Saturday, May 14, 2005

Update, and pile photos

Still working to complete work for Accumulation #1, which is scheduled to go up May 29, 2005, here in Venice. I'll be writing more soon, until then, here is an image from the studio and some photos of piles in Rovereto.







Thursday, May 05, 2005

Accumulation definition

n. (1) The act of gathering or amassing, as into a heap or pile. (2) The process of growing into a large amount or heap. (3) The amount that has accumulated or been accumulated. (4) An increase by natural growth of addition (accretion.) (5) several things grouped together or considered as a whole (collection, aggregation, assemblage.) (6) The purchase of a particular security throughout a period of time. For example, the accumulation of a substantial quantity of stock by a portfolio manager may take place over a period of several weeks or months in order to avoid driving up the price of the stock. (7) Increase or growth by addition especially when continuous or repeated. (8) An increase in the amount of a fund or property by the continuous addition to it of the income or interest it generates - to treat a stock dividend as principal when local law classifies it as incoem my be deemed an accumulation.

Pile Definitions

n. (1) A quantity of objects stacked or thrown together in a heap. (syn. heap) (2) A large accumulation or quantity. (3) A funeral pyre. (4) A very parge building or complex of buildings.
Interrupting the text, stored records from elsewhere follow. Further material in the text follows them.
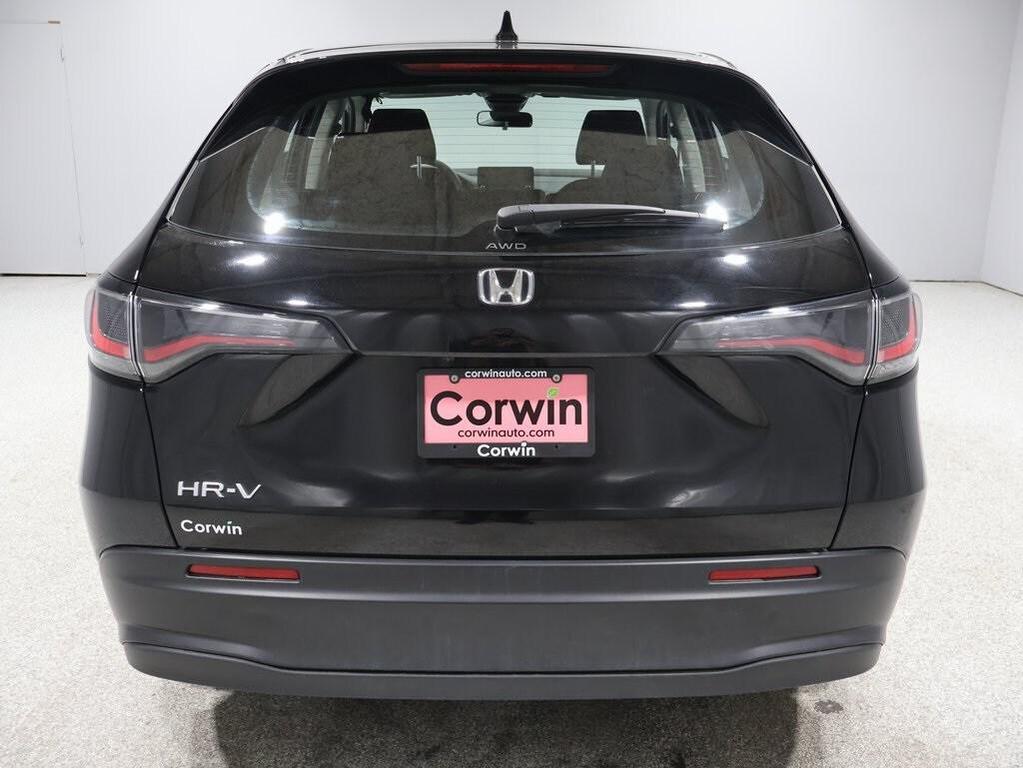 used 2024 Honda HR-V car, priced at $24,500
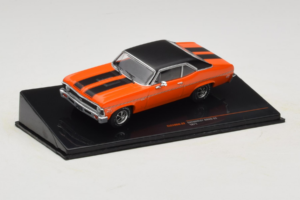 Chevrolet Nova SS Piros IXO 1:43 CLC596N Fém – 2. kép a 4-ből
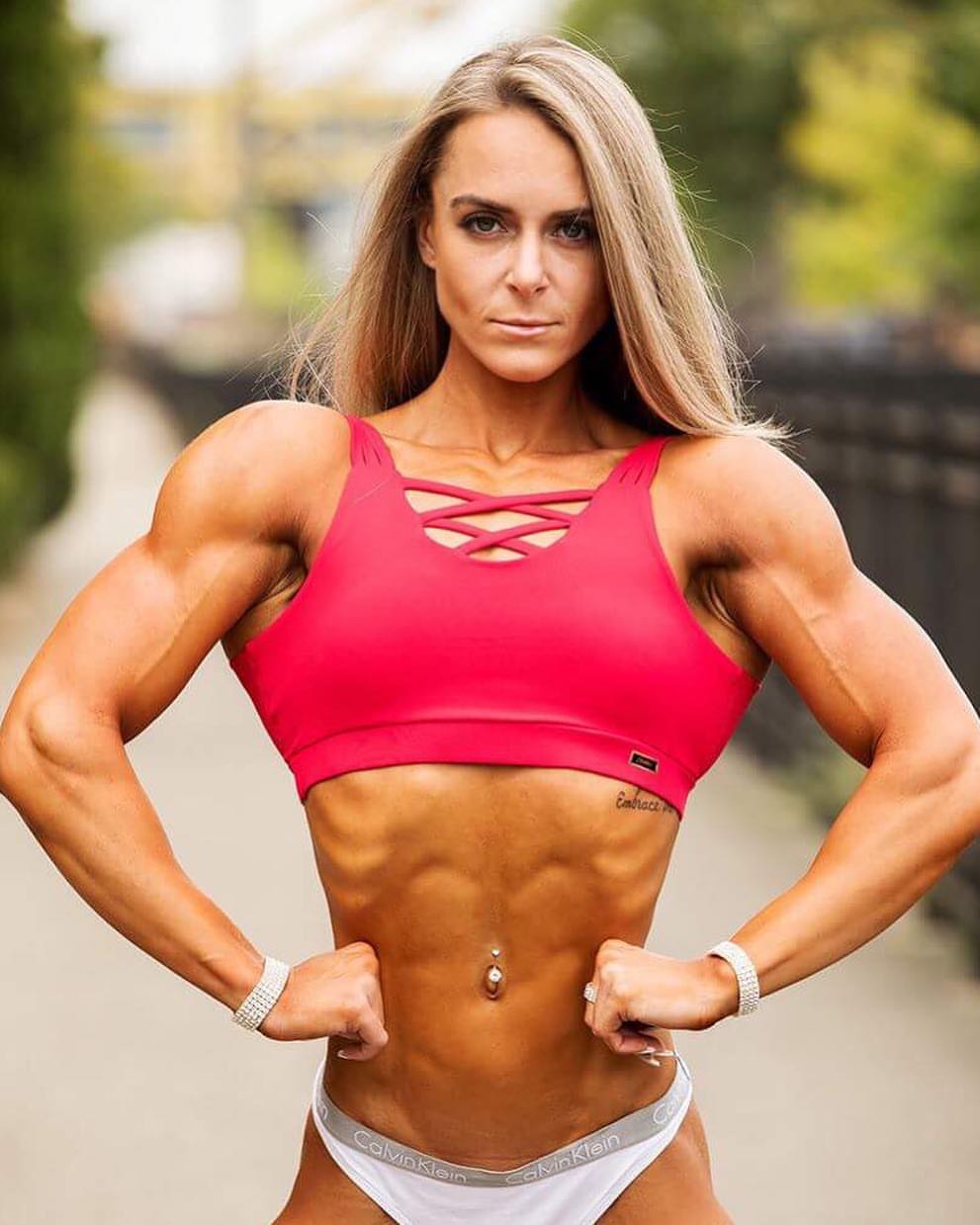 Corinne Meehan Muscles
v. (1) To place or lay in or as if in a pile or heap. (2) To heap something in abundance. (3) To form a heap or pile. (4) To load (something) with a heap or pile. (5) To move in, out, or forward in a disorderly mass or group (pile into a bus; pile out of a car.)

n. A heavy beam of timber, concrete or steel, driven into the earth as a foundation or support for a structure.

n. A collection of objects laid on top of each other (heap, mound, cumulus)

syn. batch, mass, mess, muckle, slew, stack, wad, heap.

Tuesday, May 03, 2005

Acc03: no news IS good news

Rejection letter from Spare Room in Baltimore received today. I will have to rethink if I want to try this somewhere else, or develop the idea better, it was pretty weak.

Monday, May 02, 2005

Re: production v. consumption

From Meaghan Morris' "Banality in Cultural Studies"

Among [Mica Nava's] enabling theses–and they have been enabling–are these: consumers are not "cultural dopes," but active, critical users of mass culture; consumption practices cannot be derived from or reduced to a mirror of production; consumer practice is "far more than just economic activity: it is also about dreams and consolation, communication and confrontation, image and identity. Like sexuality, it consists of a multiplicity of fragmented and contradictory discourses."

I'm not now concerned to contest these theses. For the moment, I'll buy the whole lot. What I'm interested in is firstly, the sheer proliferation of the restatements, and secondly, the emergence in some of them of a restrictive definition of the ideal knowing subject of cultural studies."